• [Information supplied]
- Opening Delimiter -

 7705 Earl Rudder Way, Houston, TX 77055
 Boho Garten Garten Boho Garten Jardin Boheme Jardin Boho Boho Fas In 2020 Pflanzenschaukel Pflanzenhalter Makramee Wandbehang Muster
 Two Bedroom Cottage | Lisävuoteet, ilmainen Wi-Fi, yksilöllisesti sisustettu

- Closing Delimiter -
- Opening Delimiter -

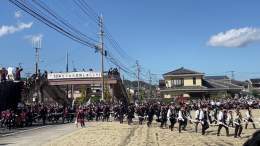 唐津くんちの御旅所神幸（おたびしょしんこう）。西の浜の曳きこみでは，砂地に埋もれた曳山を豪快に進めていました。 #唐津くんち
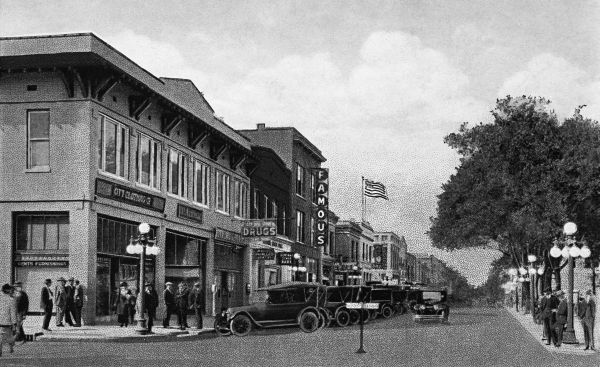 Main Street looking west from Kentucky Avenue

- Closing Delimiter -

• [Exercise objective] Your answer should consist solely of the lines above from the line with "7705 Earl Rudder Way, Houston, TX 77055" to the line with "Two Bedroom Cottage", both included, reproduced exactly.

• [Your solution]
 7705 Earl Rudder Way, Houston, TX 77055
 Boho Garten Garten Boho Garten Jardin Boheme Jardin Boho Boho Fas In 2020 Pflanzenschaukel Pflanzenhalter Makramee Wandbehang Muster
 Two Bedroom Cottage | Lisävuoteet, ilmainen Wi-Fi, yksilöllisesti sisustettu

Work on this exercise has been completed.